One of the most attractive qualities of the Bucket is the variety of entries, a variety that mandated they be broken down into four divisions. There were 12 boats in the Grand Dames de Mer class, most of them two-story giants by Perini Navi, all of them over 150 feet. The 10 yachts in the Mademoiselles des Mer class included two big schooners, the 205-ft Athos and the 181-ft Adela, as well as a variety of other yachts including the Los Angeles-based Frers 100 Symmetry. The nine boats in the Les Gazelles des Mers were the speedsters, from the tiny — relatively speaking — Farr 100 Leopard 3, owner of the Fastnet Race record, to Hasso Plattner's revitalized R/P and Baltic 147 Visione. And finally there was the J Class which, depending on who you talked to, was either the largest gathering of J Class yachts ever or the largest gathering since World War II. The Js were the only group to sail four races instead of three, and the only group to use the traditional racing format rather than pursuit racing.
Maltese Falcon

Unless you've been to a Bucket, it's hard to appreciate how massive and how beautifully maintained these yachts are. The 289-ft Maltese Falcon, which Belvedere's Tom Perkins had built and owned before selling her to Cypriot hedge fund manager Elena Ambrosiadou, is naturally very large. But even the much smaller Perini Panthalassa displaces 540 tons!

Thre J's
Despite the fact that participants are allowed to use electrical and hydraulic power assists, it takes a navy to run almost every one of these boats.
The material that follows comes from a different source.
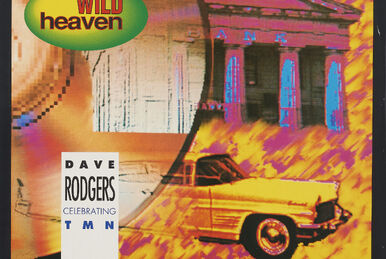 Get Wild | Eurobeat Wiki | Fandom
For instance, repacking the spinnaker on the 154-ft ketch Rebecca is a 25-person job, and stretches from the bow to the stern and halfway up the boat again. The sail inventory sitting on the dock for Jim Clark's J Class Hanuman was bigger than a Volkswagen bus.

Despite the presence of five J Class yachts, all sailed by world-class sailors, the overall winner of the Bucket was Adela, a 181-ft schooner that was built of timber and steel in 1903, decades before any of the Js. She was nearly entirely rebuilt in 1995, and refitted several more times after that. Her skipper is Greg Perkins, who sailed at the St. Francis Big Boat Series in 1987 when he was on the maxi Ondine. But Adela's driver is St. Martin's Shag Morton, the ultimate antithesis of today's typical corporate-looking big boat helmsman. J Class honors went Hanuman, which had four bullets. She's a more modern version of Endeavour II, owned by Silicon Valley's Jim Clark.